Con Belén Esteban el Pueblo se hace visible, televisado, presente en las terminales de televisión, donde, como en espejo, se ve a sí mismo, donde se reconoce y se ve reconocido. El sujeto chabacano, semianalfabeto, vulgar (el vulgus en acto) aparece revestido por la aureola de la autenticidad, de la sencillez, de lo contrario a toda hipocresía, glorificado así como representante del "hombre de la calle", del "pueblo llano", protagonista de los programas de televisión gracias a una labor "democratizadora" que se hubiera extendido a los canales de difusión masiva de consignas vacías.

No puede ser casual que miembros del gobierno enarbolen la bandera de este icono (Zerolo, González-Sinde) o aparezcan en programas de esta categoría (Blanco en La Noria). El Poder es imagen, como ya sabía el sabio florentino.

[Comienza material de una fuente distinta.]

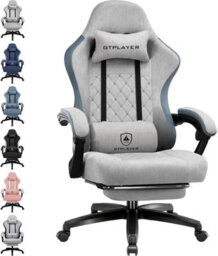 Comhoma Fabric Gaming Chair With Footrest, Ergonomic Computer Desk Chair With Pocket Spring Cushion Heavy Duty Wide Pc Chair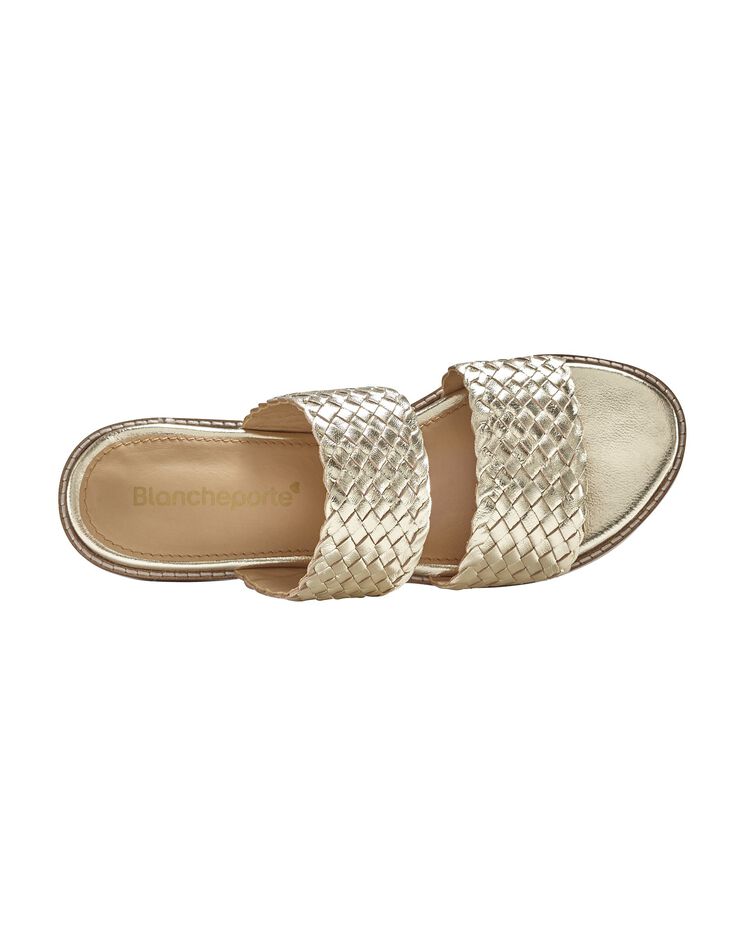 Mules plates en cuir tressé. (doré) Mules plates en cuir tressé. (doré)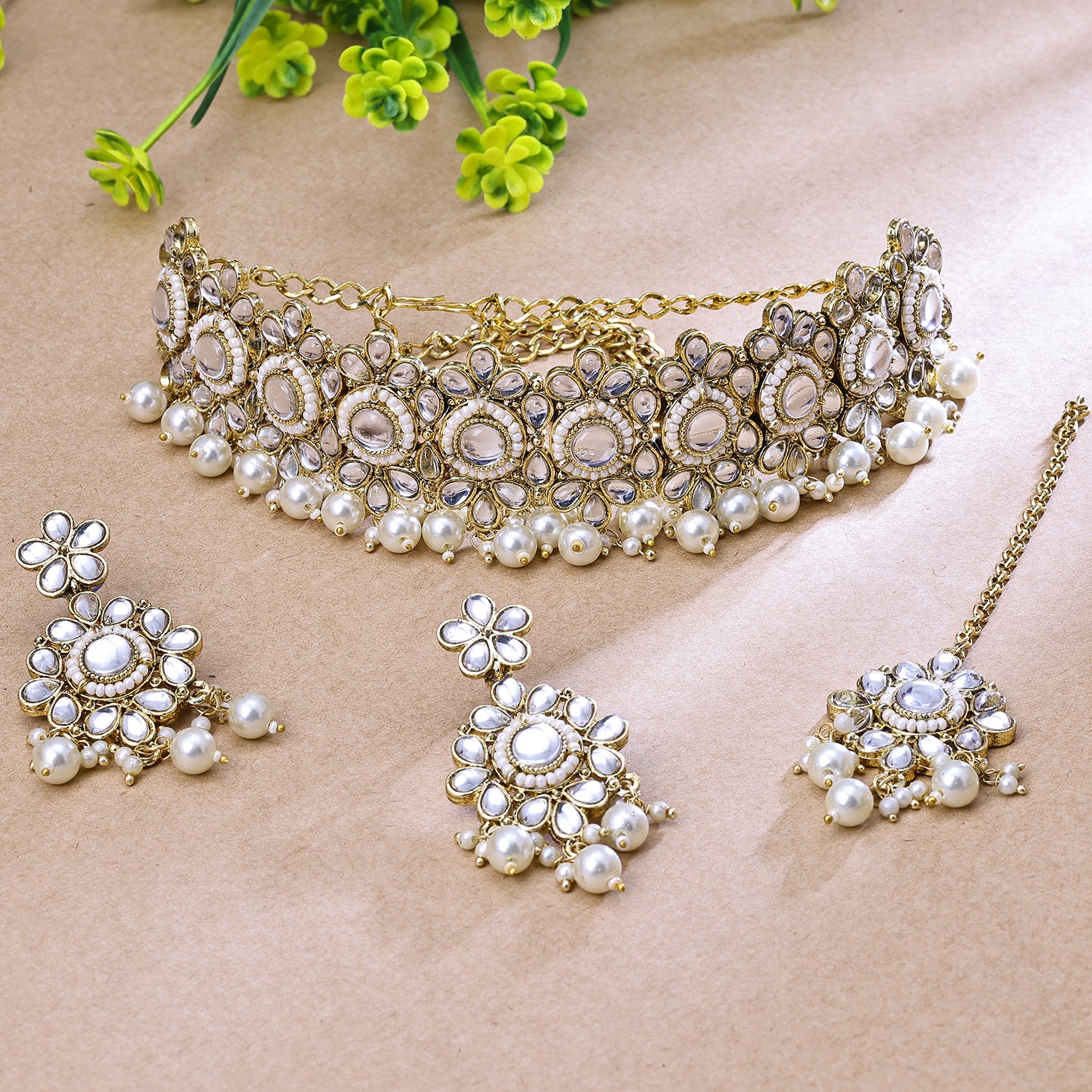 Sukkhi Gold Plated Kundan & Pearl White Choker Floral Necklace Set for Women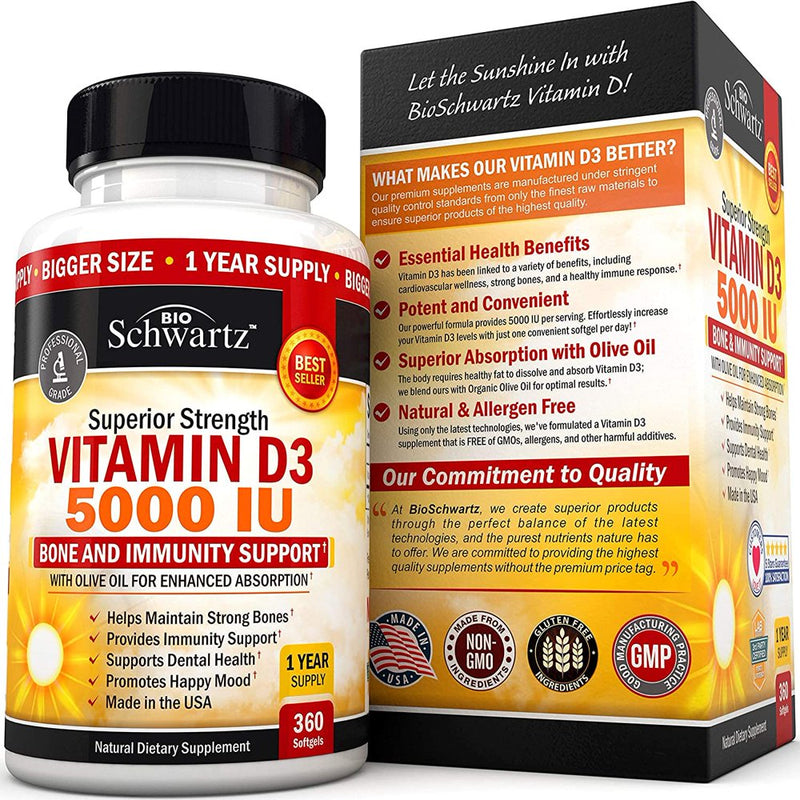 Vitamin D3 5000 IU (360Ct) Natural Immune Support Supplement | Bone Strength, Healthy Muscle Function, with Olive Oil for High Absorption | Gluten Free & Non-Gmo 1 Year Supply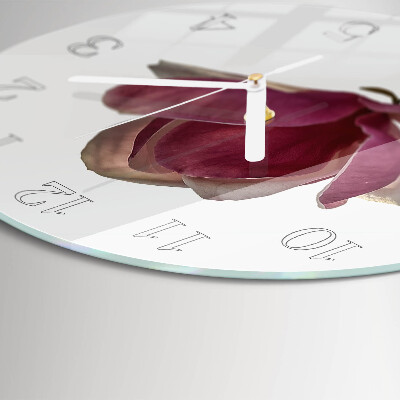 Reloj de pared redondo Flor de magnolia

Una democracia directa, técnicamente viable hoy día, tendría, al menos, la virtud de aproximarse en sus resultados a esa metafísica voluntad del pueblo, disuelta en su homogeneidad ilusoria por el procedimiento técnico de votación directa e individual de cada ley, reforma, etc.:

En una democracia hay que aceptar sin duda, como un postulado (si se prefiere: como una ficción jurídica del Estado de derecho) que el pueblo tiene siempre juicio al elegir. Y según esto habrá que decir, no solamente, que la audiencia, en cuanto expresión o fractal de ese pueblo, es causade la programación (a través de la criba), sino también que es responsablede ella. Dicho de otro modo: que cada pueblo tiene la televisión que se merece. (G. Bueno, ob. cit., p. 195).

Así, por lo menos, los idealistas democráticos podrían solazarse en la certeza de que los resultados electorales reflejan las decisiones reales de los átomos que componen el Pueblo soberano.